_Aim of the task_: Retype the opening lines of the data exactly, stopping after the line that contains "The flowchart illustrates". Skip every picture.

_Data provided_:
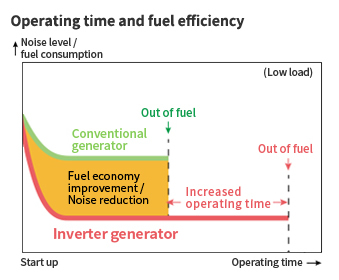 Operating time and fuel efficiency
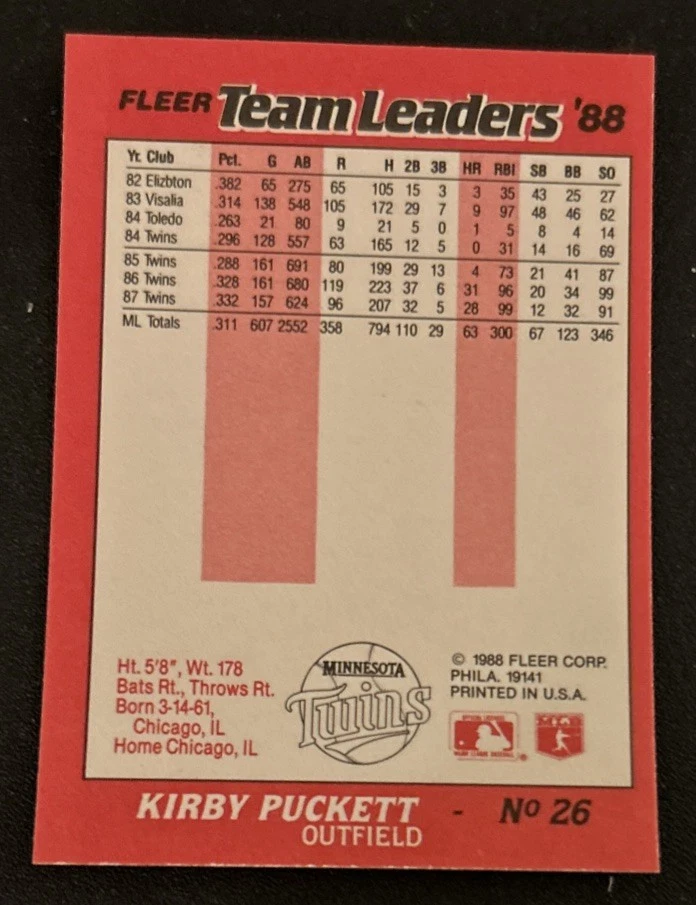 1988 Fleer Kay Bee Toys Team Leaders Kirby Puckett #26 Twins HOF OF VG Centered! - Image 2 of 2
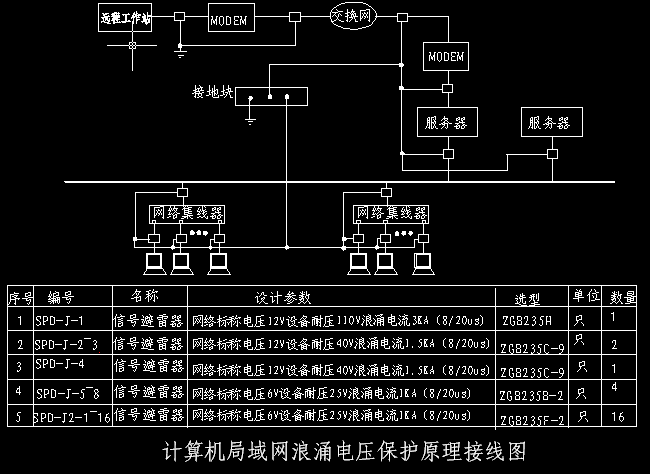 点击放大图形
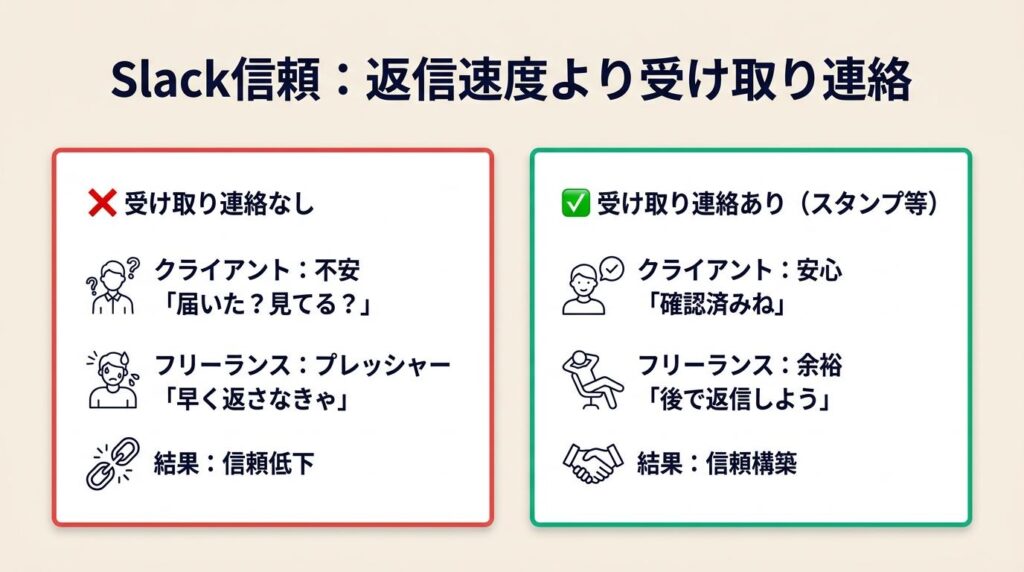 フリーランスのSlack信頼は受け取り連絡で決まる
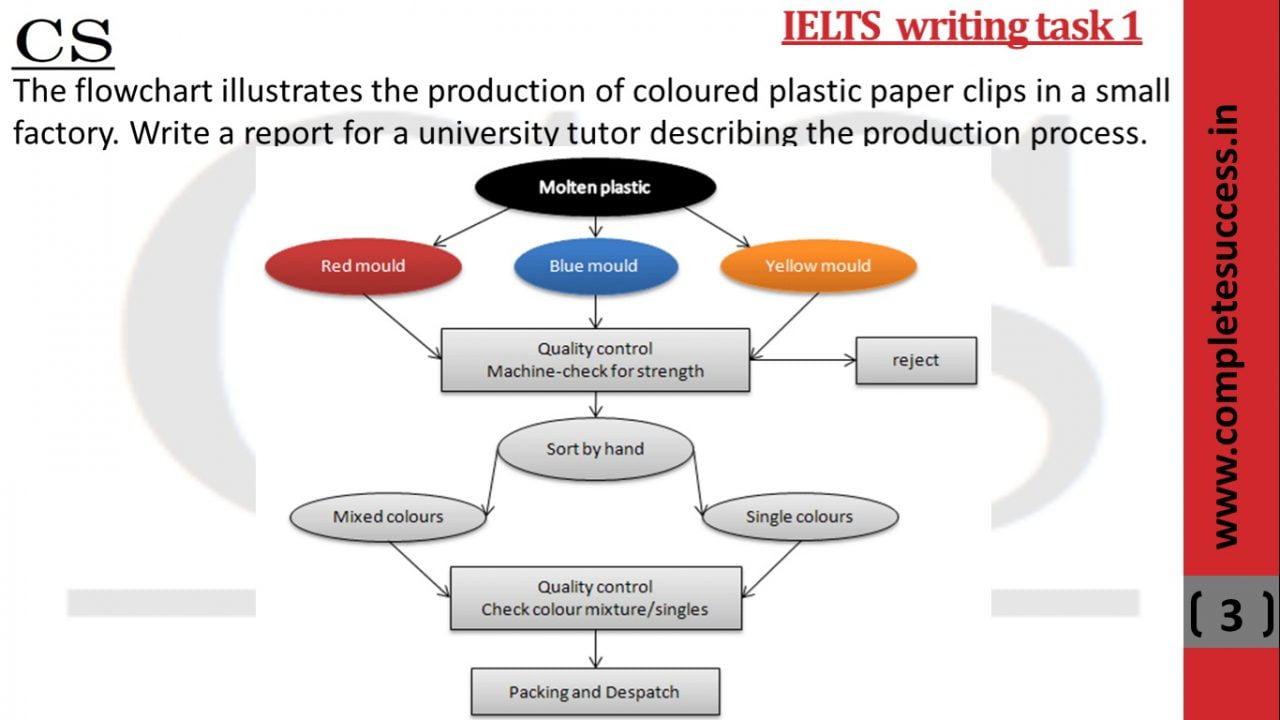 The flowchart illustrates the production of coloured plastic paper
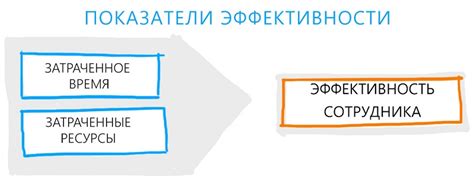 Особенности устройства и эффективность работы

_Written reply_:
 Operating time and fuel efficiency
 1988 Fleer Kay Bee Toys Team Leaders Kirby Puckett #26 Twins HOF OF VG Centered! - Image 2 of 2
 点击放大图形
 フリーランスのSlack信頼は受け取り連絡で決まる
 The flowchart illustrates the production of coloured plastic paper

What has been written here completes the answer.